I tried one time to let you know how I felt in regards to asking you not to send out emails discussing the book...atleast not mass emails to everyone... as we all get our books at different times and we all read them at different times and I got back from you what I perceived to be a snotty email so I was a little apprehensive about approaching you this time to let you know how I was feeling. (Snotty email. At this point, I am in hysterics. And, somewhat dumbfounded.)
The bookclub shouldn't be about drama at all but at the same time, we should all feel that we can discuss things openly to you and to each other without fear of repercussion.
I did misunderstand about tonight's emails since I had sent you an email earlier saying I would be able to make it to next week's meetup...so I figured that you would know to call me too but if you were only going by rsvps, I understand why I didn't get a call and why I was left out as my rsvp still says no.

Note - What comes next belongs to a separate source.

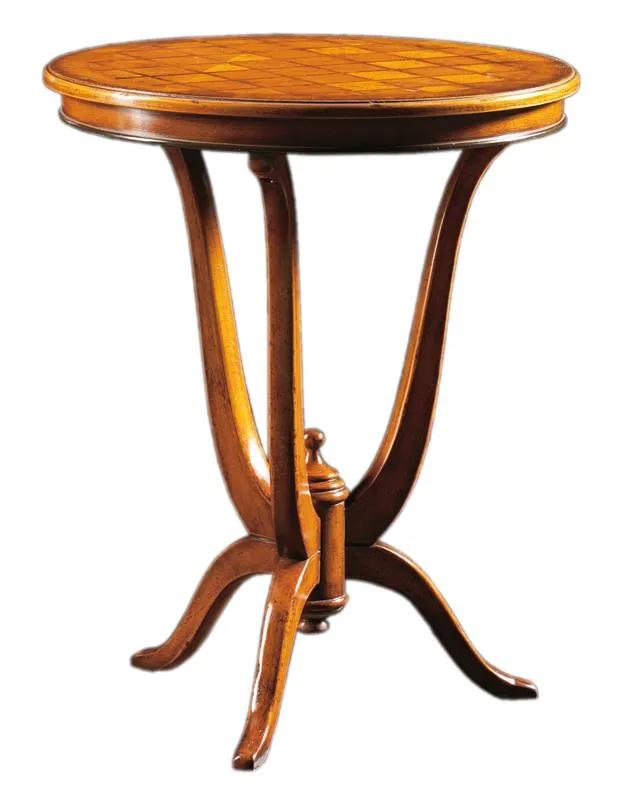Table Luxury Coffee Tables Couch Wooden Coffee Table Side Table Sofa Furniture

All I can do is to ask you to reconsider your decison once again in hopes that you will take my feelings and what I felt was going on into consideration...I would never say something to others that I wouldn't say to you as well so again, if you felt like I was talking about you behind your back or trying to cause trouble, that couldn't be farther from the truth. (What version of the truth is that? )
I was trying to get some perspective and ironically I told Joy tonight that I was at peace with it and understood that that's who you are and that I would uncrumple my panties, finish reading the book and look forward to next week's meetup. (At peace with it? This is a book club that you have been to ONE time. Don't mention your panties again, as I just threw up in my mouth.)
So, I guess I will respect whatever final decision you make Tiffany and if you do decide to stay with your original decision and not have me in the bookclub anymore...I wish you well too and please know that there aren't any hard feelings on my part. (My final decision is to never see you again. Amen.)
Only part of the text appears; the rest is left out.